:: Exercise requirements ::
An image-free reproduction of the data below is needed: print it exactly.
(Input for this task)
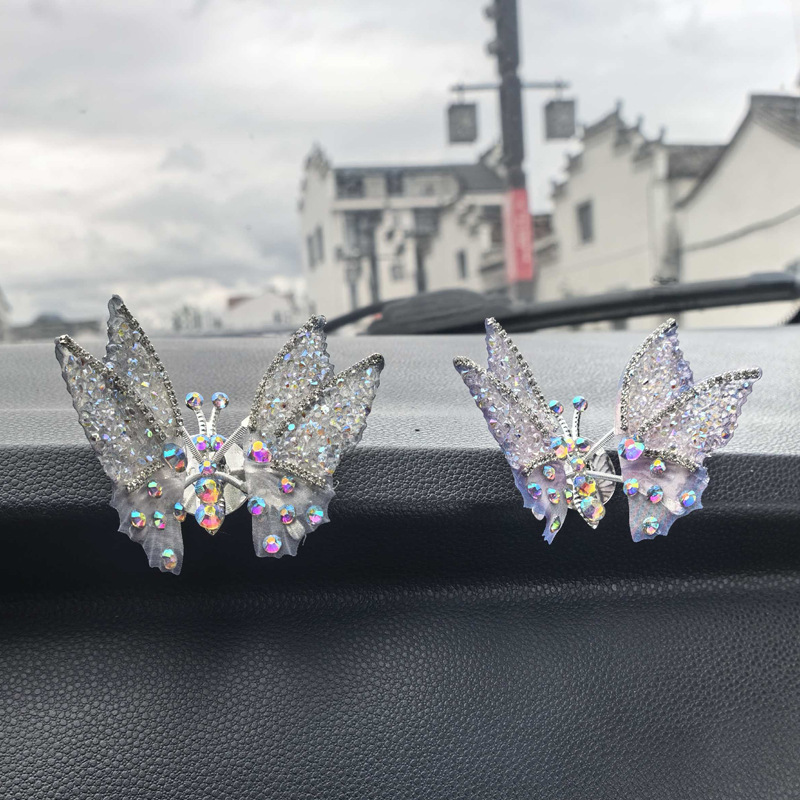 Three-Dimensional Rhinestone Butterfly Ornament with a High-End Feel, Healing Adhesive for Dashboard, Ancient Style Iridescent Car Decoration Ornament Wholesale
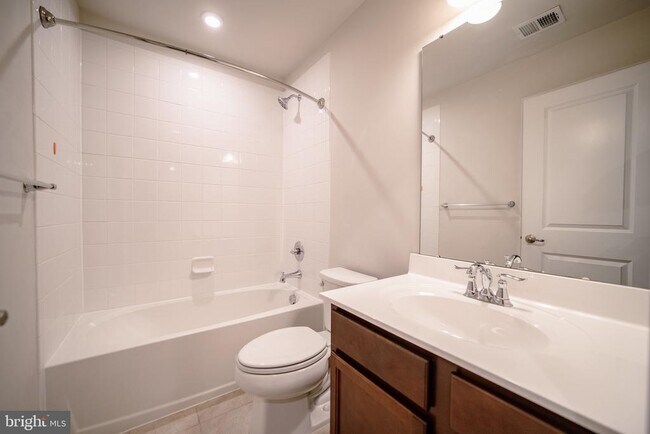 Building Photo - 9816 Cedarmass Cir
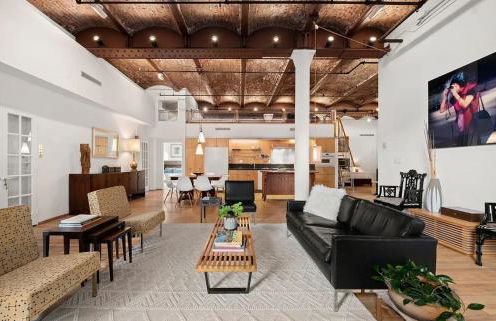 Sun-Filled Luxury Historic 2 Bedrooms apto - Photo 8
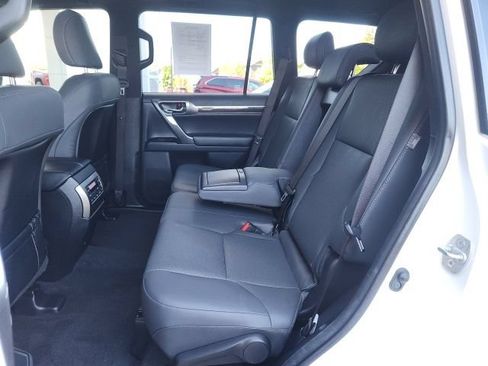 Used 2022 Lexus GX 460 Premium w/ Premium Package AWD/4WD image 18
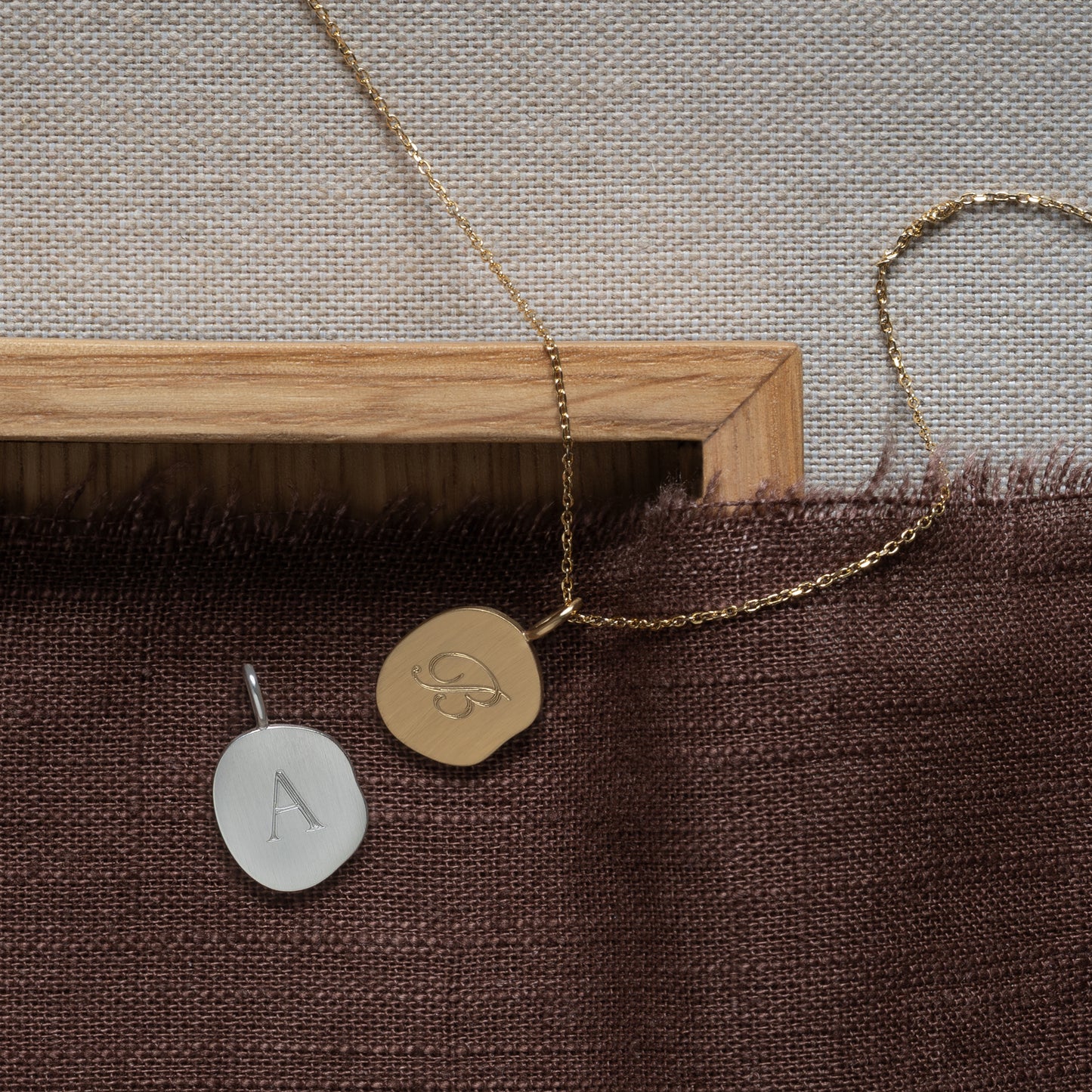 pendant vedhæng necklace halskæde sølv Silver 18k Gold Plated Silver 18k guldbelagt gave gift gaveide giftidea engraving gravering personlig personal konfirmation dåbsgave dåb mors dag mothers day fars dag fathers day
(End Input for this task)
:: Response box ::
 Three-Dimensional Rhinestone Butterfly Ornament with a High-End Feel, Healing Adhesive for Dashboard, Ancient Style Iridescent Car Decoration Ornament Wholesale
 Building Photo - 9816 Cedarmass Cir
 Sun-Filled Luxury Historic 2 Bedrooms apto - Photo 8
 Used 2022 Lexus GX 460 Premium w/ Premium Package AWD/4WD image 18
 pendant vedhæng necklace halskæde sølv Silver 18k Gold Plated Silver 18k guldbelagt gave gift gaveide giftidea engraving gravering personlig personal konfirmation dåbsgave dåb mors dag mothers day fars dag fathers day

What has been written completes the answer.